Experts are forced to engage in pointless debates with Wikipedia’s bureaucratic guardians, many of whom are persuaded only by hyperlinks, not cogent arguments.
Other aspects of Wikipedia’s history are vividly described but lack discerning intellectual treatment. Lih sheds little light on the “routinization” of the charismatic and ultimately benevolent authority of Jimmy Wales, how that authority evolved into a vast bureaucratic apparatus with a Kafkaesque system of rules. And while Lih notes user ambivalence toward voting, he leaves it largely unexplained. The attitude seems to have grown from an earlier Wiki culture developed by Meatball Wiki, one of the projects preceding and inspiring Wikipedia. The meatballers saw voting as an unnecessary distraction. “Don’t vote on everything, and if you can help it, don’t vote on anything,” read one page on the site.
Wikipedia’s elders adopted those views, realizing that voting could be easily gamed and should not be used often. Instead they settled on a kind of enlightened autocracy: ordinary users would express their views on an issue, after which the more powerful administrators would interpret the vox populi and make a decision. Most of the time, consensus would emerge early on, and the decision was easy; however, as Wikipedia began attracting relatively diverse crowds of editors, achieving consensus grew more difficult. Voting opportunities were further reduced as articles became higher-ranked on Google. A high Google rank means more exposure, which led to more vote-rigging. No longer would there be “votes for deletion,” merely “articles for deletion,” which Wikipedians would discuss. A disinterested administrator would gauge the consensus and make a final decision.

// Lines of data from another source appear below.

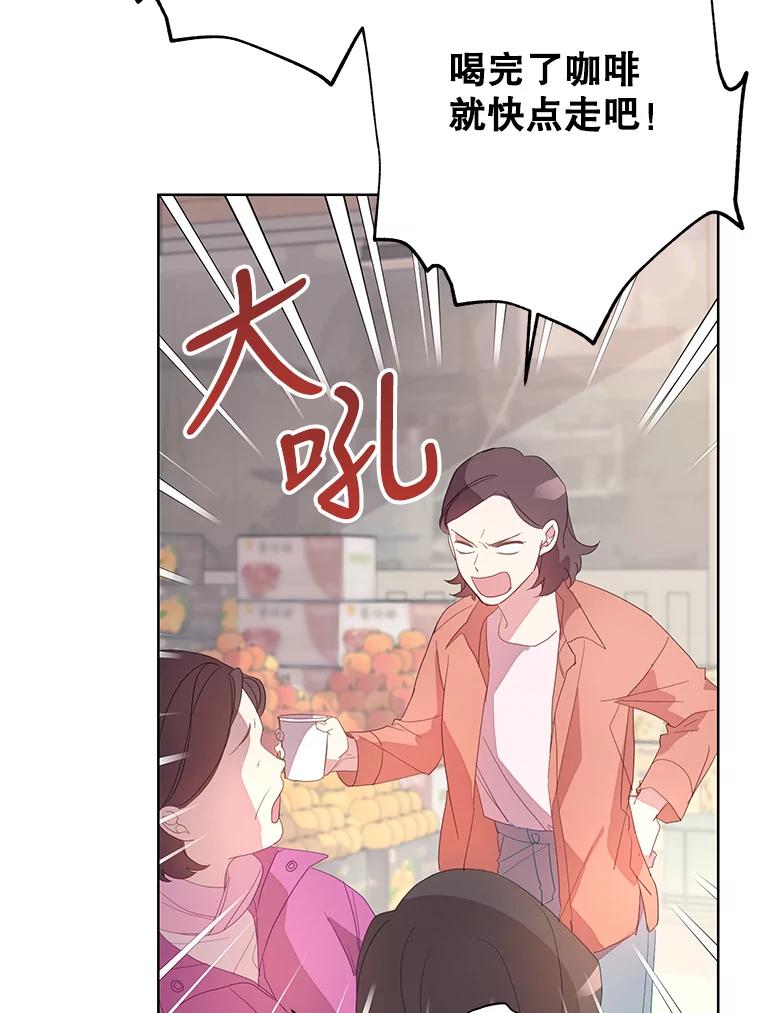 《厄运的恋人》外传3.担心 第42页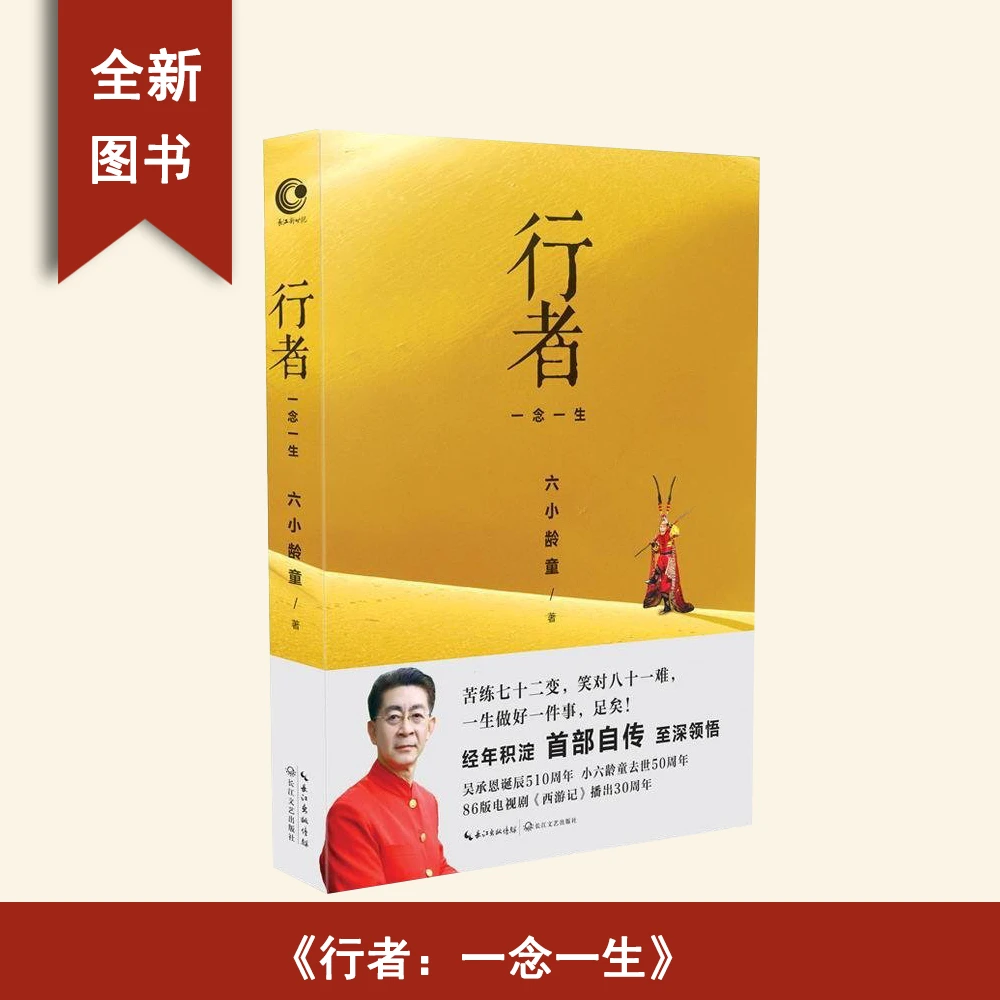 95新  签名版  行者: 一念一生 六小龄童 长江文艺出版社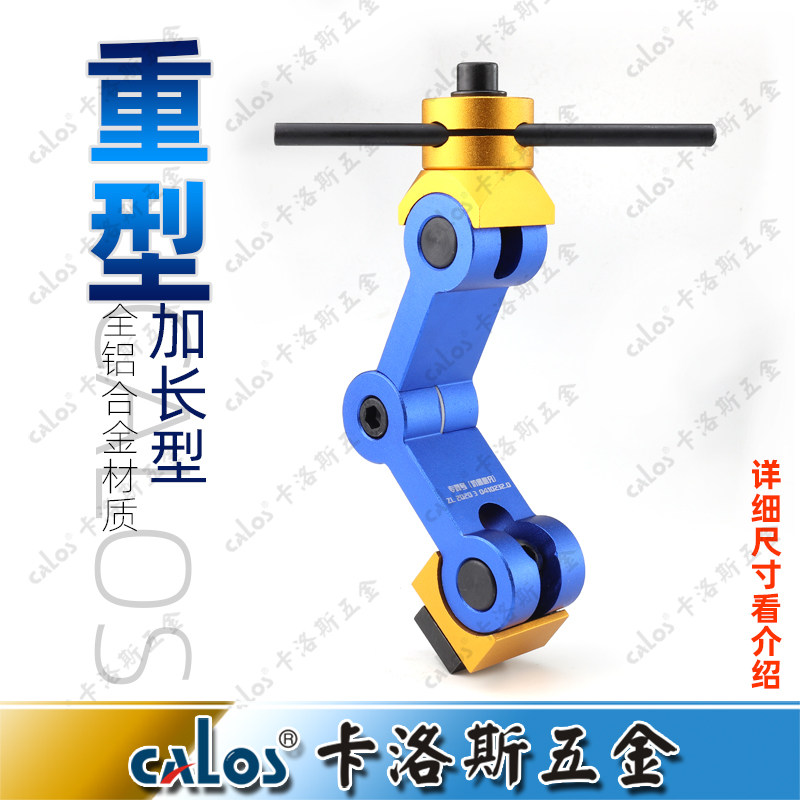 加长台湾机床工件定位器工装夹具多功能铣床加工中心快速定位器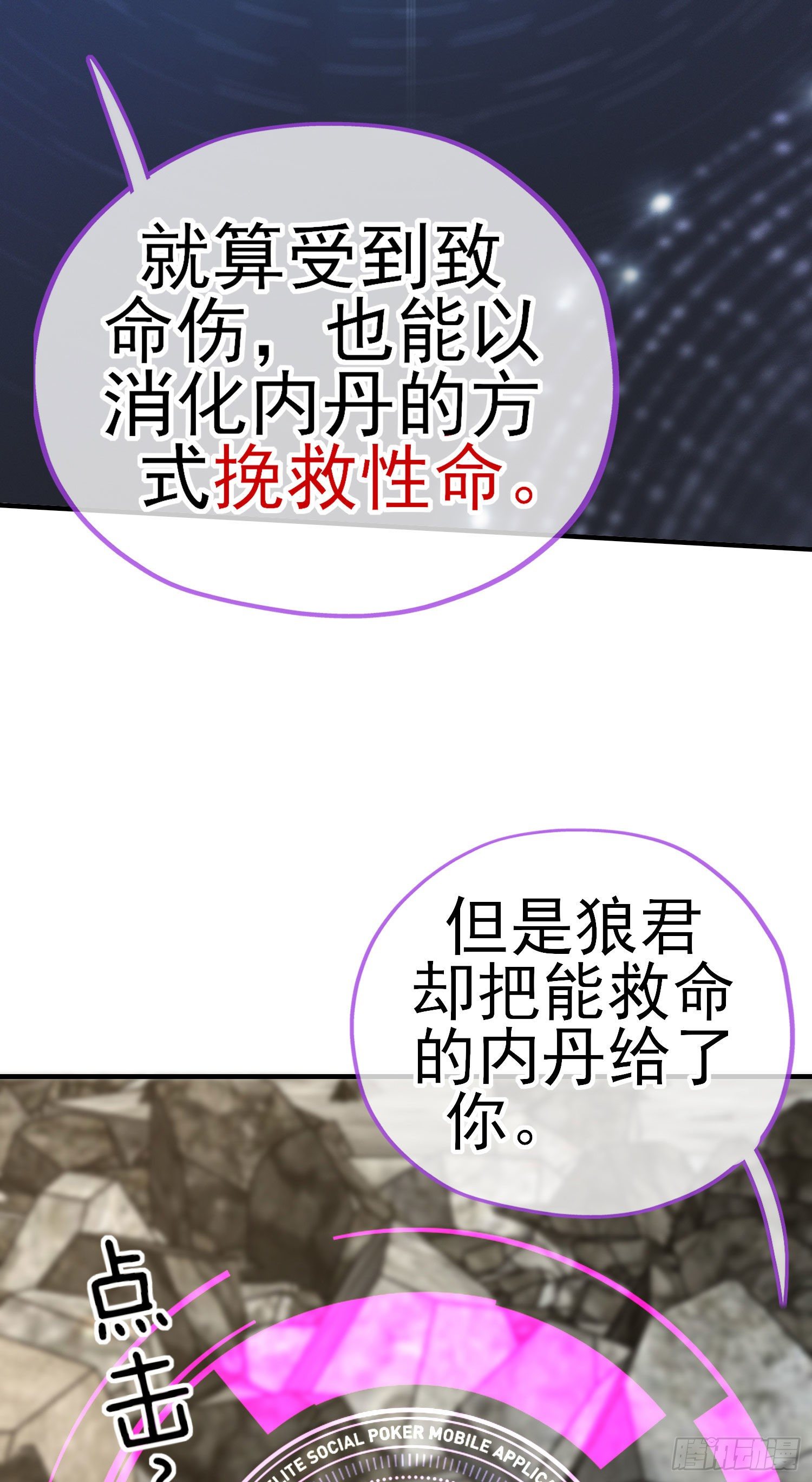 八仙会议7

For a site that wants to democratize and revolutionize access to knowledge, such a conservative stance on voting seems puzzling and worth studying in detail, but Lih does not explore this incongruity. There is no guarantee that a more democratic Wikipedia would survive, but it would be interesting to investigate why users so quickly and confidently opted for consensus- rather than voting-driven decision-making.